[COLLECTED DATA Boundary: Start]

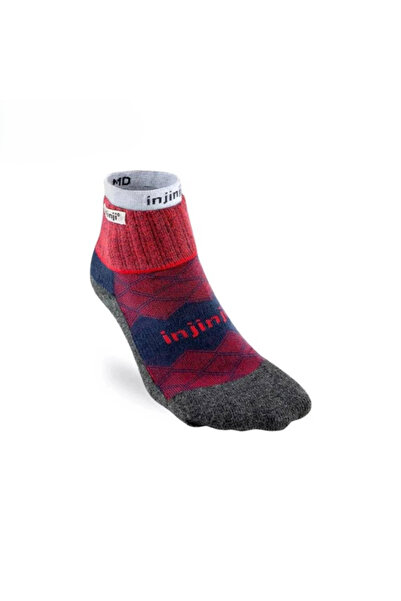 injinji MEN'S RUNNER + LINER MIDWEIGHT MINI CREW - S/M - أحمر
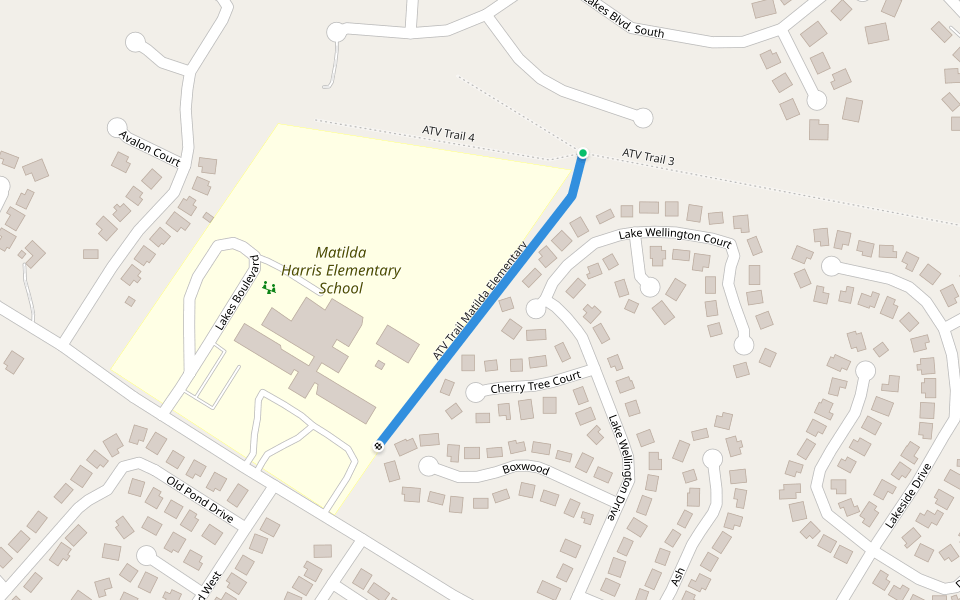 ATV Trail Matilda Elementary walking route map in Kingsland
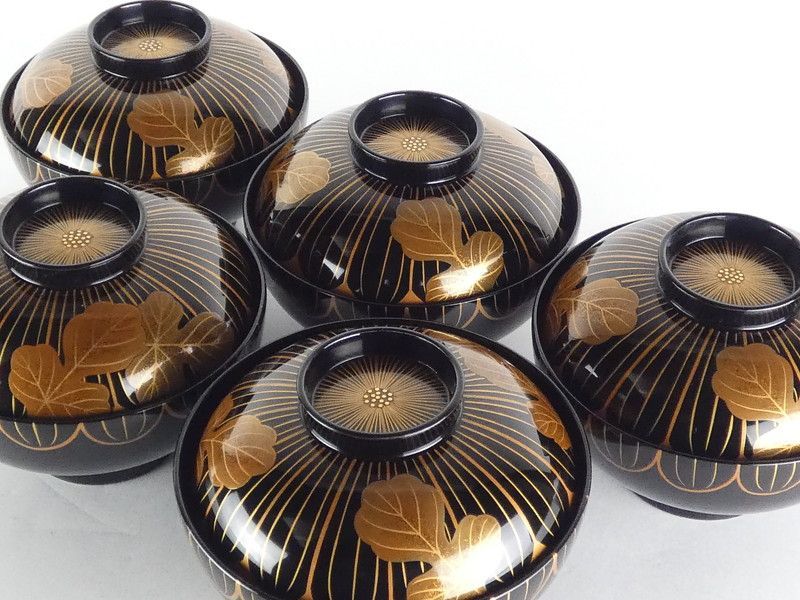 輪島塗 菊蒔絵「吸物椀」5客 木製 懐石道具 /R618 26,975円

[COLLECTED DATA Boundary: End]

Every line of the material must be reproduced verbatim; the pictures are to be omitted.

• [RESULT OF THIS TASK]:
 injinji MEN'S RUNNER + LINER MIDWEIGHT MINI CREW - S/M - أحمر
 ATV Trail Matilda Elementary walking route map in Kingsland
 輪島塗 菊蒔絵「吸物椀」5客 木製 懐石道具 /R618 26,975円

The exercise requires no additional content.